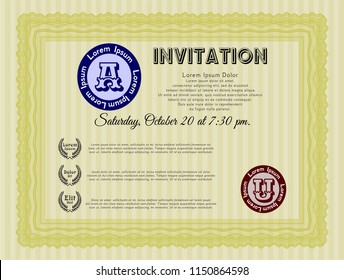 Yellow Retro invitation template. Cordial design. Complex background. Detailed. 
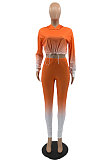 Black Wholesale Gradient Long Sleeve Loose Hoodie Skiny Pants Sport Sets KSN88011-1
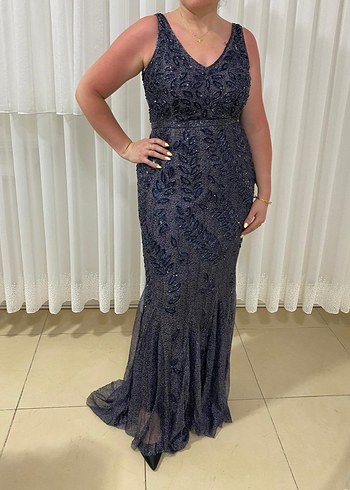 Lacivert Nakışlı Uzun Abiye Elbise - Görsel 13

**Work instruction:** Without the pictures, give every line of the data again, exactly as written.

**Completed task:**
 Yellow Retro invitation template. Cordial design. Complex background. Detailed. 
 Black Wholesale Gradient Long Sleeve Loose Hoodie Skiny Pants Sport Sets KSN88011-1
 Lacivert Nakışlı Uzun Abiye Elbise - Görsel 13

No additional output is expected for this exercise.